Scientific classification
- Kingdom: Animalia
- Phylum: Mollusca
- Class: Gastropoda
- Subclass: Caenogastropoda
- Order: Neogastropoda
- Superfamily: Conoidea
- Family: Conidae
- Genus: Conus
- Species: C. brunneofilaris
- Binomial name: Conus brunneofilaris Petuch, 1990
- Synonyms: Cariboconus brunneofilaris (Petuch, 1990); Conus (Dauciconus) brunneofilaris Petuch, 1990 · accepted, alternate representation; Gradiconus brunneofilaris (Petuch, 1990);

= Conus brunneofilaris =

- Authority: Petuch, 1990
- Conservation status: LC
- Synonyms: Cariboconus brunneofilaris (Petuch, 1990), Conus (Dauciconus) brunneofilaris Petuch, 1990 · accepted, alternate representation, Gradiconus brunneofilaris (Petuch, 1990)

Species of sea snail

Conus brunneofilaris is a species of sea snail, a marine gastropod mollusk in the family Conidae, the cone snails and their allies.

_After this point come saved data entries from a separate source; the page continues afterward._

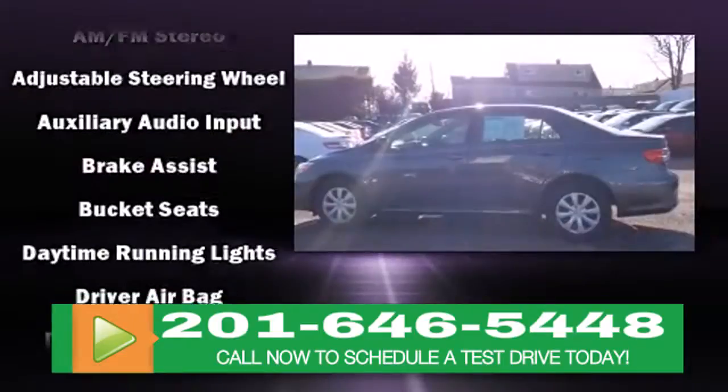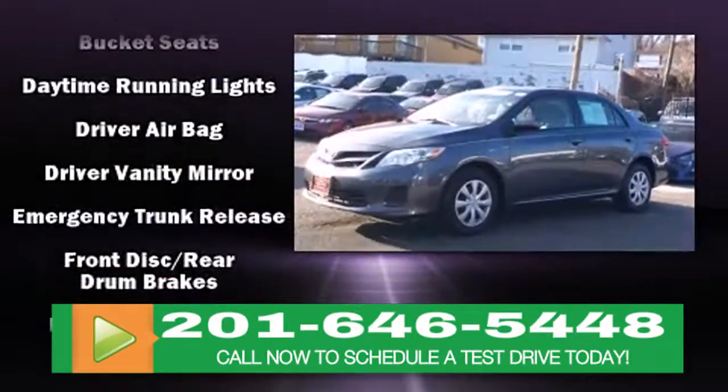Top features include front bucket seats, a tachometer, a trip computer and more.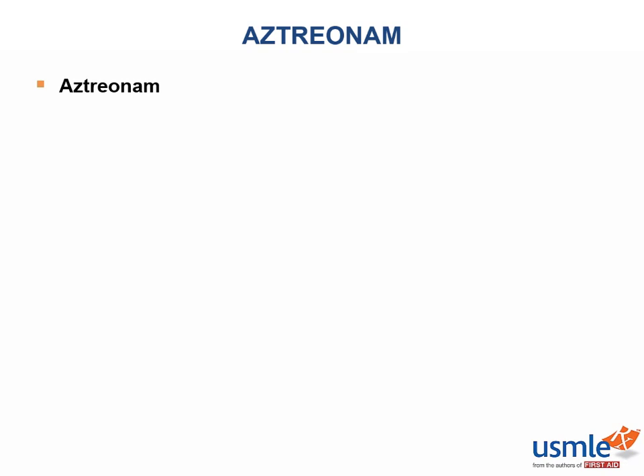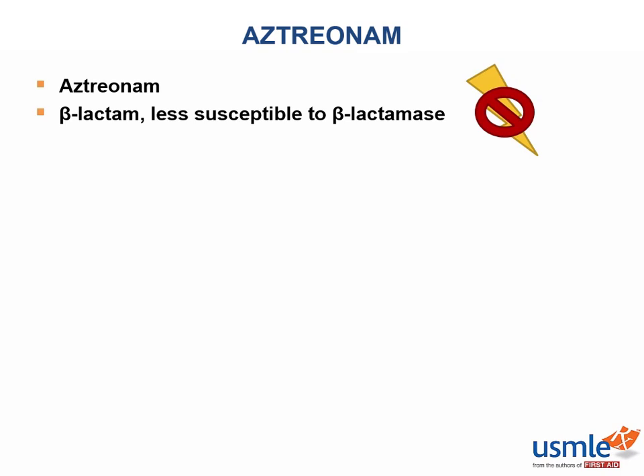A really important feature of these changes in the chemical structure is that aztreonam is far less susceptible to beta-lactamases, which makes it a very clinically useful drug.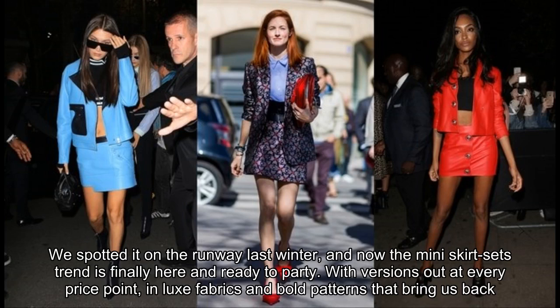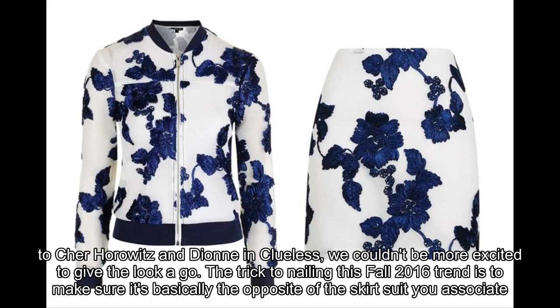We spotted it on the runway last winter, and now the mini skirt suits trend is finally here and ready to party. With versions out at every price point, in looks, fabrics, and bold patterns that bring us back to Cher Horowitz and Dion in Clueless, we couldn't be more excited to give the look a go. The trick to nailing this fall 2016 trend is to make sure it's basically the opposite of the skirt suit you associate with boring 90s office wear.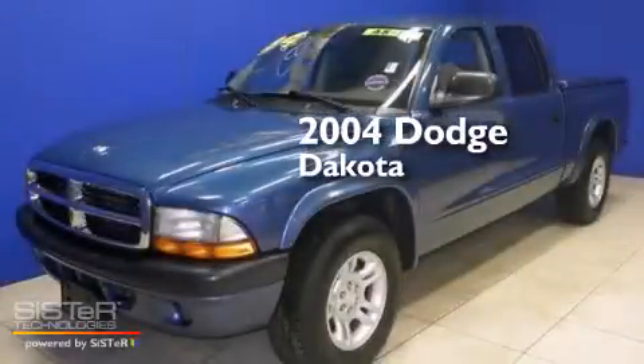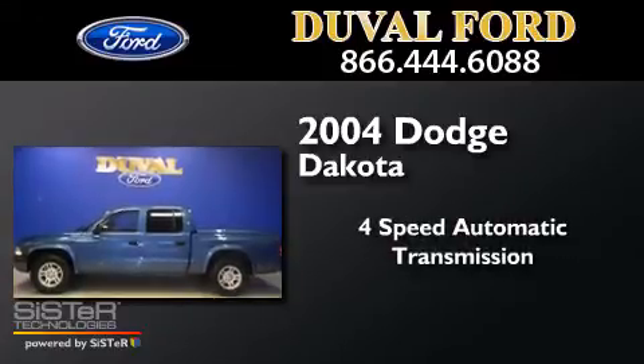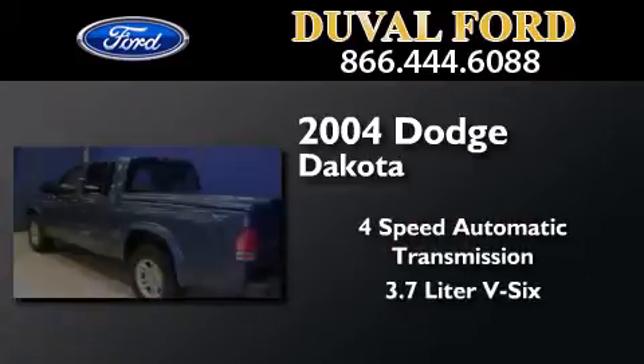This is a 2004 Dodge Dakota. This truck has a 4-speed automatic transmission and a 3.7-liter V6.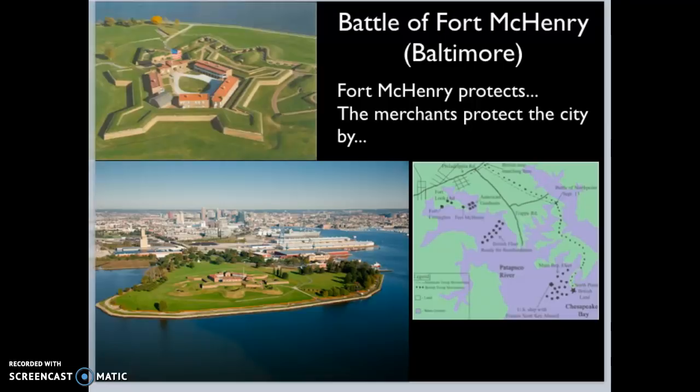They know that the British are going to come because this is where a lot of the privateers sail from. Knowing that the British will come, the merchants decide to protect their city by sinking their own ships. By sinking their own ships outside of Fort McHenry, that creates a man-made reef on the bottom, making sure that the British ships cannot get too close to the city of Baltimore without risking damage to their own ships.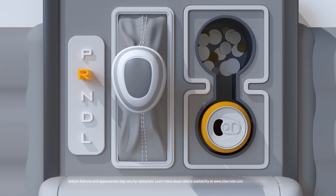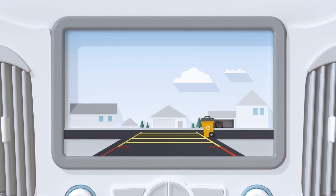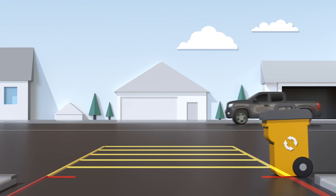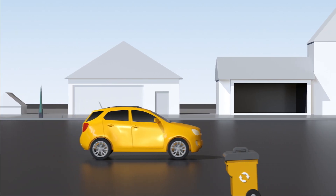When you shift your Chevrolet vehicle into reverse, an image of the area behind you will pop up on the infotainment screen if equipped. There could be pretty much anything behind you, but the available rear vision camera can help give you a view of objects in the way to help you avoid them altogether during low speed maneuvers.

Like all species within the genus Conus, these snails are predatory and venomous. They are capable of stinging humans, therefore live ones should be handled carefully or not at all.

==Distribution==
This species occurs in the Caribbean Sea off Panama

== Description ==

The maximum recorded shell length is 14 mm.

== Habitat ==
Minimum recorded depth is 65 m. Maximum recorded depth is 65 m.